Response times to different spatial frequencies:
Bowling, AC & Lovegrove, W 1980, 'Response times to different spatial frequencies: Is there a 100-msec rule?', Perception & Psychophysics, vol. 28, no. 6, pp. 599-600.
Stanley, Howell, and Smith (1980) present an alternative analysis of the persistence data obtained by Bowling and Lovegrove (1980). They argue that stimulus onset asynchrony (SOA) is a more appropriate measure of persistence than interstimulus interval (ISI). In addition, they propose that the use of this measure alters the conclusion made by Bowling and Lovegrove (1980) that the stimulus duration at which persistence ceases to decline steeply with increasing stimulus duration increases with spatial frequency and is related to temporal integration. We consider that SOA is a measure of the total duration of the response to a stimulus, rather than of persistence, and use of this measure does not affect the major conclusions of Bowling and Lovegrove (1980). Stanley et al. (1980) also mentioned that a nonlinear continuous function may provide a better fit to Bowling and Lovegrove’s data than a two-limb linear function. This possibility was evaluated by fitting linear, quadratic, and logarithmic functions to the data by the method of least squares.
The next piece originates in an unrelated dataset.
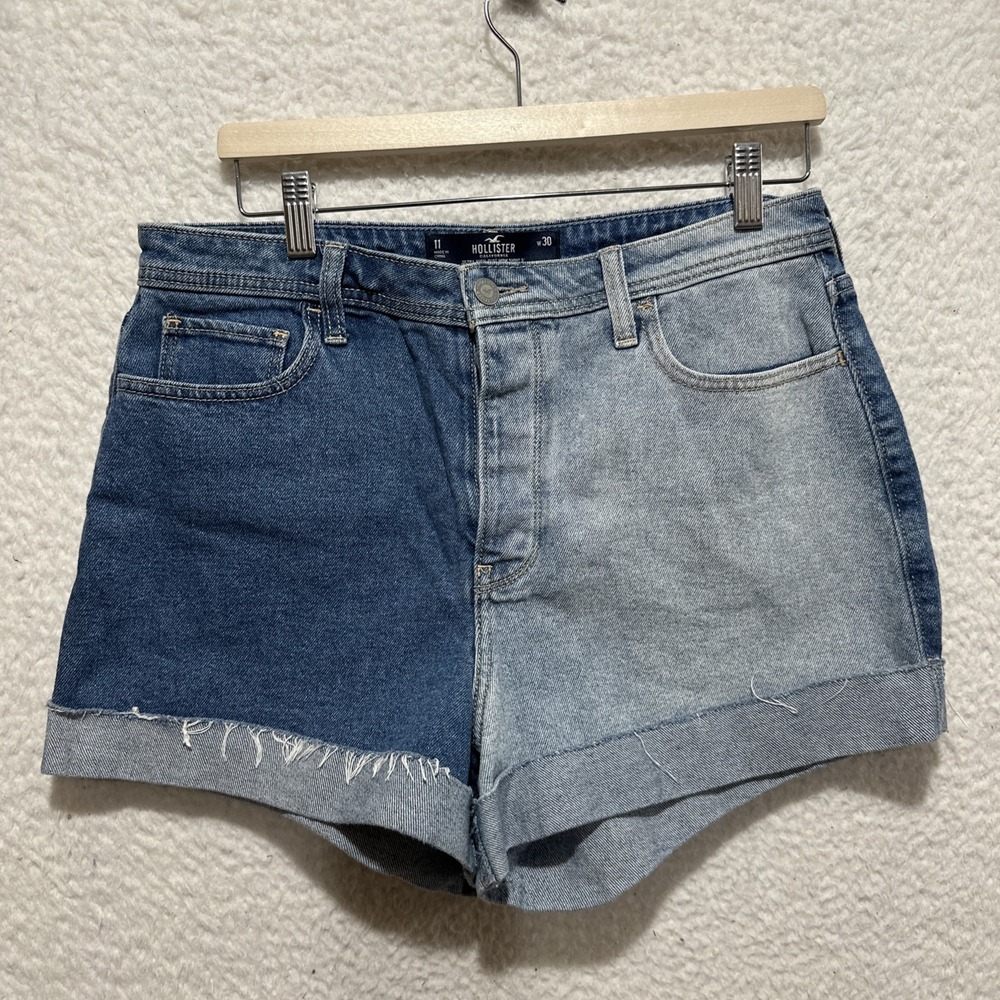 Hollister Women's‎ Size 30 Ultra High Rise Mom Short Shorts 3 Vintage Stretch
The sums of the squared deviations of the data points from each of these regression relationships and from the two-limb linear relationship were calculated. Table 1 shows that, for each spatial frequency, the deviation of the data points from the two-component linear relationship was lower than that for any other relationship. The two-limb relationship is therefore a better fit to the data than any of the other possibilities investigated.